If the government won’t fund the study, Pages said contributions could be raised from the private sector.
“The idea is to raise money through a wide coalition if the government would not fund it,” he told Cebu Daily News.
Pages said updating the Metro Cebu transportation master plan would only take about a year since Cal is familiar with the MCLUTS and the situation in Cebu.
According to the TTPI website, the Davao study aimed to provide a “strategic vision” for an integrated and sustainable urban transport system in Davao and a framework for feasibility studies of possible transport solutions, including a mass transit system, nonmotorized trasnport facilities, road widening and flyovers.
TTPI specializes in transportation and traffic planning.
Meanwhile, engineer Nonato Paylado, assistant chief for Planning and Design Division of the DPWH-7, said his office is open to suggestions on how to do a transport master plan for Cebu City, but said there was a more immediate priority to meet.
“We are obligated to address the needs of the public immediately. If we wait for the master plan, that would take a long time,” he said.
Paylado said that if the private sector is interested in doing a master plan, they can lead it while DPWH would just be a member. He said the two flyover projects at the juncture of Gorordo Avenue and MJ Cuenco Avenue in Cebu City are “very well studied.”
“All our flyover projects are supported with traffic data,” Paylado he said.
DPWH-7 gathered traffic data last August over a three-day period with a 24-hour count of the number of vehicles, which pass in the location of the proposed flyovers.
The agency noted traffic volume and the type of vehicles that pass the area to be able to forecast trends of of normal traffic and the actual traffic cost if the project would be implemented.
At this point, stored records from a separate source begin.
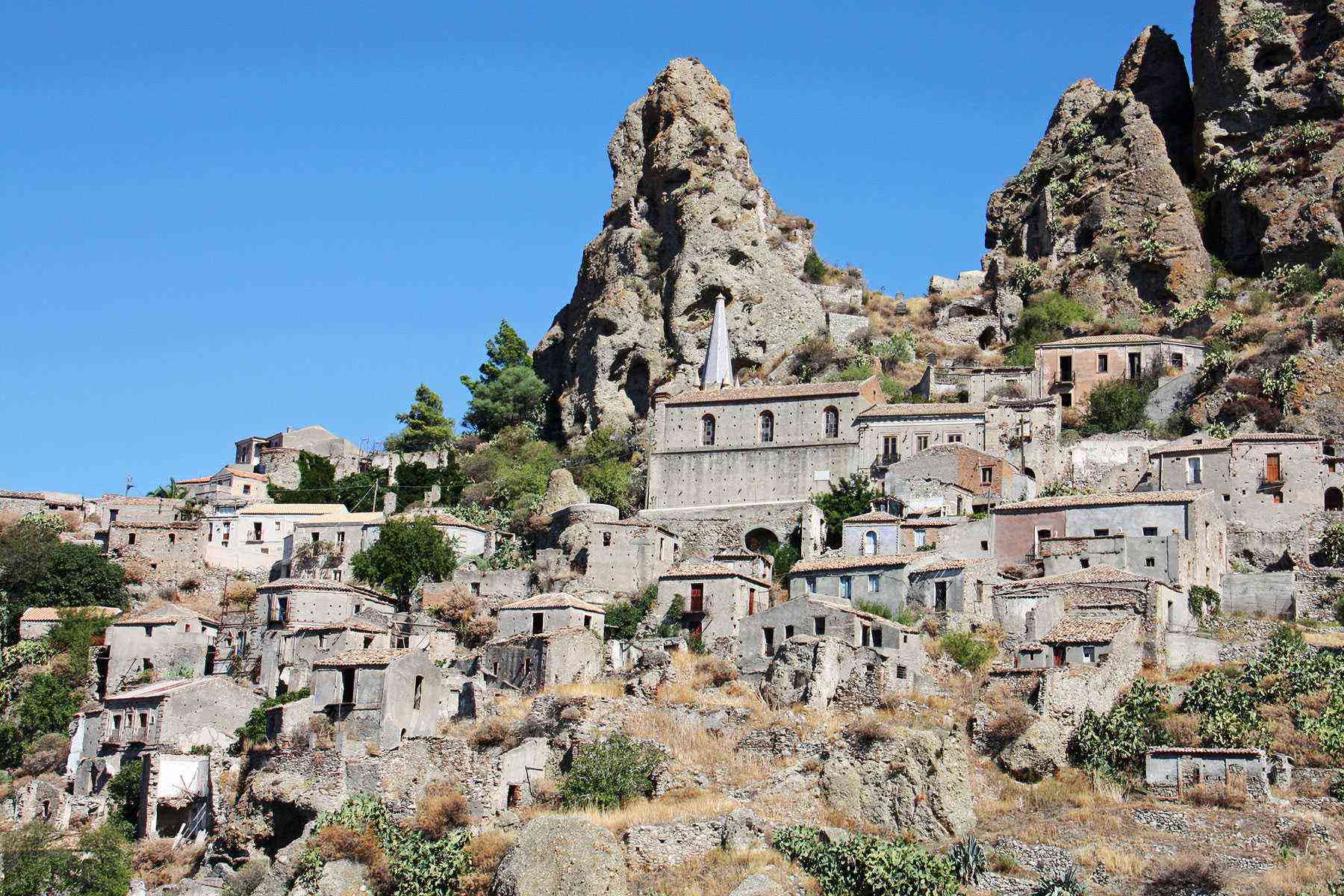 Medieval-Italian-Towns-Pentedattilo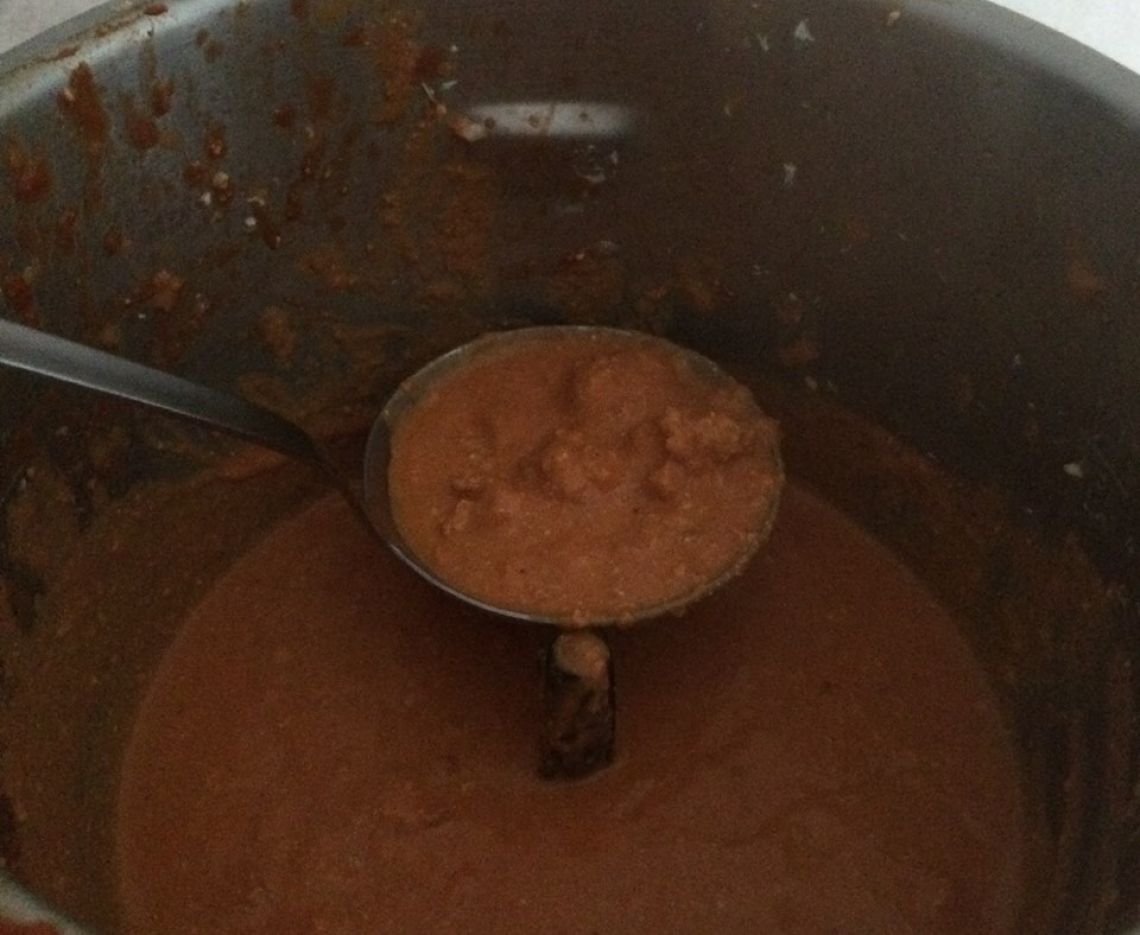 Peito de Frango = carne picada à bolonhesa com Natas (base de strogonoff)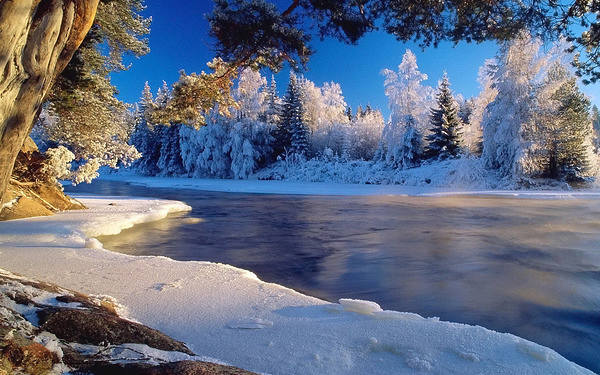 This jpeg image - Nice Winter River Backround, is available for free download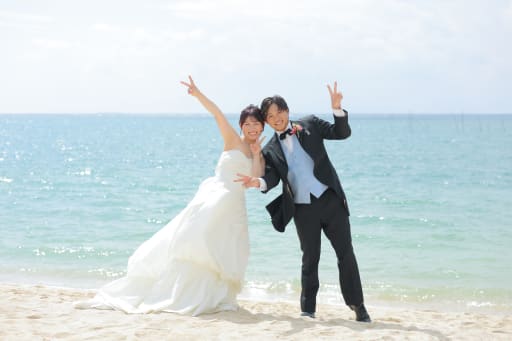 イェーイ！元気いっぱいのダブルピース☆
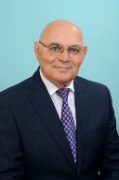 Федоров Валерий Александрович 

Родился 9 августа 1949 года  в селе Никольск Октябрьского района Еврейской автономной области.
Окончил Новосибирский институт инженеров железнодорожного транспорта в 1977 году.
Награждён: Почётными грамотами и Благодарностями  Губернатора Новосибирской области, мэрии города Новосибирска
Валерий Александрович начал трудовую деятельность в Сибирском политехникуме в 1970 году секретарём комитета ВЛКСМ.
С 1973 по 1980 год - заместитель секретаря, затем секретарь комитета ВЛКСМ, старший инженер, заместитель начальника отдела кадров Новосибирского завода химконцентратов.
С 1980 по 1990 год - заместитель председателя, председатель исполнительного  комитета  Совета народных депутатов Калининского района. 
С 1990 по 2000 год - заместитель председателя Новосибирского горисполкома, коммерческий директор фирмы «Альфа Роуд».
С 2000 по 2003 год – глава администрации Калининского района. 
С 2003 года – заместитель мэра - директор департамента организации, управления, контроля и информации мэрии города Новосибирска, заместитель мэра города Новосибирска.
За годы работы Валерия Александровича в районе продолжилась работа по передачи от предприятий и ведомств жилья и объектов соцкультбыта в муниципальную собственность, активно развивалось жилищное строительство не только в новых микрорайонах, но и на территории  индивидуальной жилой застройки, появились крупные торговые и спортивные объекты, организована работа по благоустройству придомовых территорий, ремонту инженерных коммуникаций, развивались органы территориального общественного самоуправления, продолжил активную работу  совет директоров предприятий Калининского района.
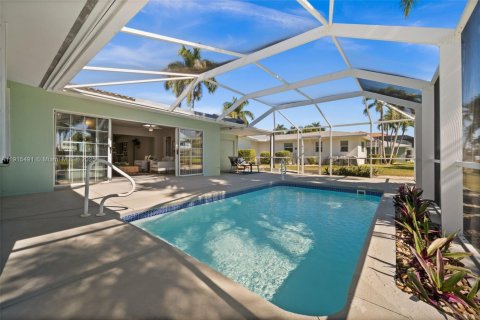 Villa ou maison à vendre à Cape Coral, Floride: 3 chambres, 235.04 m2 № 1970835 - photo 4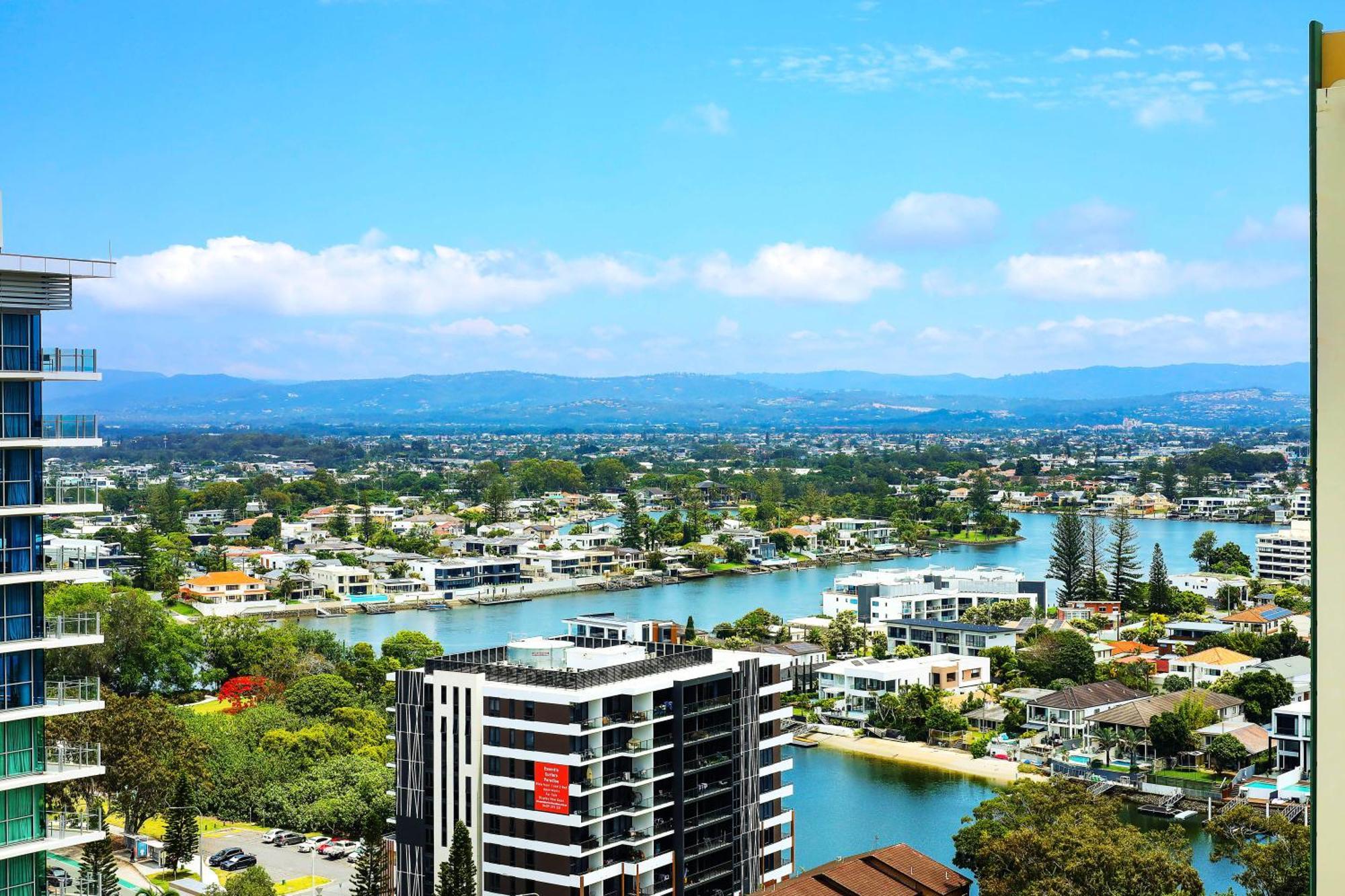 Stylish Q Towers Breathtaking Views Sleeps 6 Gold Coast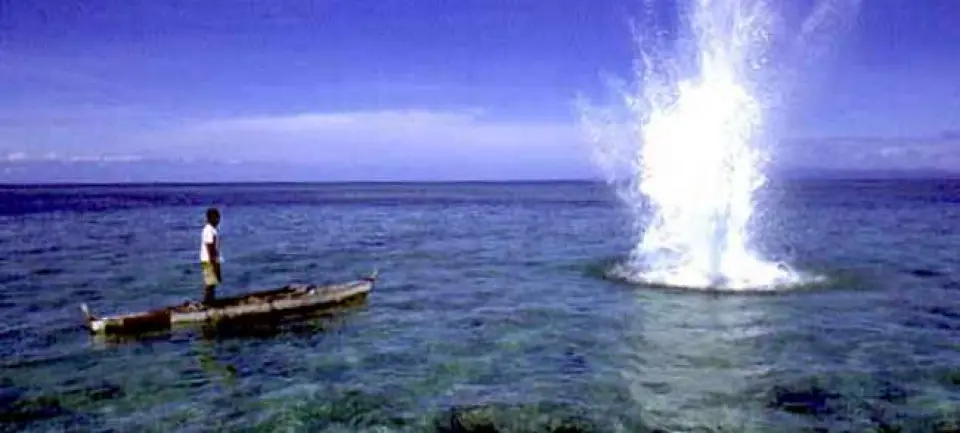 La brutal pesca con dinamita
Paylado said that they also surveyed the structures that will be affected by the flyovers and road alignments.
“All the necessary data gathering was done to prove that the project is well studied,” he said.
They didn’t include the time interval when traveling along the area before and after the projects are implemented.
“We did not focus on that because it is not necessary,” he said.
He said that even with flyovers in Cebu, traffic congestion would not be solved without good traffic management.
Earlier, Citom head Rafael Yap said the DPWH study whose results were reported in a public forum last month was “incomplete” and “flawed,” as it didn’t consider the impact in other intersections.
Yap said the data was insufficient basis to make conclusions about the need to build new flyovers.